I have two datasets that have two address columns. I want to merge the two datasets by the common address. But some of the addresses are intersections and the order of the street names is different in each dataset. Is there a way of asking Rstudio to compare the strings word by word and if there are more than two words matching, let me know?
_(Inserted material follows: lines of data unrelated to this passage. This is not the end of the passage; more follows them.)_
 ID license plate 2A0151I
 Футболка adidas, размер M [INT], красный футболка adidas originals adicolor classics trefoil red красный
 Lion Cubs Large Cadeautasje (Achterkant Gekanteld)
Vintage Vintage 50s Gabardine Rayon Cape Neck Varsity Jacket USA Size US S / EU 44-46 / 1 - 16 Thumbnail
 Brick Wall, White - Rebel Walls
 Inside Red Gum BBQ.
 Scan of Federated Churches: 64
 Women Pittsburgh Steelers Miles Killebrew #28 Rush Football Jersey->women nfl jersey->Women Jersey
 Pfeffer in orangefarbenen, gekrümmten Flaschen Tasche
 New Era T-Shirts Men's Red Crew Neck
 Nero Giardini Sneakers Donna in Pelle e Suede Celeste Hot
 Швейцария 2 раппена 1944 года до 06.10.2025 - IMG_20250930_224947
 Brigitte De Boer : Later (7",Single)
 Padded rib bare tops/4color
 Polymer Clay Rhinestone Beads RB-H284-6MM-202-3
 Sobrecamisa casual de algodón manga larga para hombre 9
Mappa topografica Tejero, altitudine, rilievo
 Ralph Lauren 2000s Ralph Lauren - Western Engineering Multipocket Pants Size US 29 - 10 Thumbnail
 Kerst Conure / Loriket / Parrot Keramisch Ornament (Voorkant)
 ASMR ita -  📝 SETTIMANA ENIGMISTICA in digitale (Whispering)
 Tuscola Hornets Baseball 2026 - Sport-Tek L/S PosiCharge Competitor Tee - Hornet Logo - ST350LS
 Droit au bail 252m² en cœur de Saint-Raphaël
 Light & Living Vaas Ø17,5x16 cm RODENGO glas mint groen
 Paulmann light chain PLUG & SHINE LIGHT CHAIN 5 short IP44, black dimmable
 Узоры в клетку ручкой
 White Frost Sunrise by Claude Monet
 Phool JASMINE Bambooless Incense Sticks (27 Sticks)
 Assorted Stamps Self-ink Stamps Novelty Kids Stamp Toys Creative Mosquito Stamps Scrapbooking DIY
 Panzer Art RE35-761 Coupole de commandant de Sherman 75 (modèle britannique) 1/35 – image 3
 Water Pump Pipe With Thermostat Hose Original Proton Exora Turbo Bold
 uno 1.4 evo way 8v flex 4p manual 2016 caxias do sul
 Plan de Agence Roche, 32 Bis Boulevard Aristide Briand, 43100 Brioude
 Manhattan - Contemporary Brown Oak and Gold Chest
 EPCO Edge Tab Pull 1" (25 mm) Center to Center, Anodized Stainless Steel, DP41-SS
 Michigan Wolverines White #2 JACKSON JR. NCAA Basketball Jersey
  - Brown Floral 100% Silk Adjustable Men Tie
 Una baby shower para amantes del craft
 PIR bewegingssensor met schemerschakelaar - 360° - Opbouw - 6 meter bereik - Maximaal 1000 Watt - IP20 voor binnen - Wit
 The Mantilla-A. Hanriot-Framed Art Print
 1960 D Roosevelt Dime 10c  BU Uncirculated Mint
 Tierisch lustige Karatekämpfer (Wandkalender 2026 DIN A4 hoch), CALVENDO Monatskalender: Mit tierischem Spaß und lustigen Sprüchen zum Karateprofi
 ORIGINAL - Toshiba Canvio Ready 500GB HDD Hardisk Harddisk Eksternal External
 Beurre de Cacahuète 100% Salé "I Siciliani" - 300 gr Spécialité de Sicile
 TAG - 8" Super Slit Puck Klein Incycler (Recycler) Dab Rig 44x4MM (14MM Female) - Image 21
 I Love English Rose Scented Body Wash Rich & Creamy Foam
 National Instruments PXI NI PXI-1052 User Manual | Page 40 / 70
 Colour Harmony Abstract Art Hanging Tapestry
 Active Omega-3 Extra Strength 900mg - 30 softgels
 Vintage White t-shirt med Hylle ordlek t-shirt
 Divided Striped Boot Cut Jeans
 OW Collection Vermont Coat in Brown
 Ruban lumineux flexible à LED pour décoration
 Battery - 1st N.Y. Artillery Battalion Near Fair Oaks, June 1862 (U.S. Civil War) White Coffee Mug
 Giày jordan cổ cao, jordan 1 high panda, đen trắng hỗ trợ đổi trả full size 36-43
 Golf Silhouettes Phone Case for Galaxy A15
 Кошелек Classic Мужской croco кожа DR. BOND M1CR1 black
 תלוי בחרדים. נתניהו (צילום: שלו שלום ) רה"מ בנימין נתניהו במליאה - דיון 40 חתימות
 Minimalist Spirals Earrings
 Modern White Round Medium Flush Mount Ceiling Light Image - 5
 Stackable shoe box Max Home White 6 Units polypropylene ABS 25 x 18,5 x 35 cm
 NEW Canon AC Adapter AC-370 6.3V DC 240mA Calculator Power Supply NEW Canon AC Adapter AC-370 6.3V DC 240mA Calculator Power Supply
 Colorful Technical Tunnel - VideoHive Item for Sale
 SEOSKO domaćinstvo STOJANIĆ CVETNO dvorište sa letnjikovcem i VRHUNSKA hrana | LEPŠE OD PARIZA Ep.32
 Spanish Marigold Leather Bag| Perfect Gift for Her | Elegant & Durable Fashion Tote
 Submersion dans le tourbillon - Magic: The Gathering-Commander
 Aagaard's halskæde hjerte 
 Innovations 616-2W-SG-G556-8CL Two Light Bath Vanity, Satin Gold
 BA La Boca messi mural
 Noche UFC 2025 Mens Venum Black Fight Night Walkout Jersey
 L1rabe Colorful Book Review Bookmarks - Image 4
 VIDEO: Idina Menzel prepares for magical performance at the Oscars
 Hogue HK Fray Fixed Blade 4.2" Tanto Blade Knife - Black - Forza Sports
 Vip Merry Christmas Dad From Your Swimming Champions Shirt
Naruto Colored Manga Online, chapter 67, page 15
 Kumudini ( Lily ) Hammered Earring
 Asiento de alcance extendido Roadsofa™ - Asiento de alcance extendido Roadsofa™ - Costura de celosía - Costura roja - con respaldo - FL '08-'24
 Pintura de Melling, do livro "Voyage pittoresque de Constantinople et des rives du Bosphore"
An example is:
"CABOT ST AT RUGGLES ST" and "RUGGLES ST AT CABOT ST"
This code reorders the words in the addresses in alphabetical order, so then you can test if two addresses are the same
library(stringr)
df = data.frame(address = c("CABOT ST AT RUGGLES ST", "RUGGLES ST AT CABOT ST"))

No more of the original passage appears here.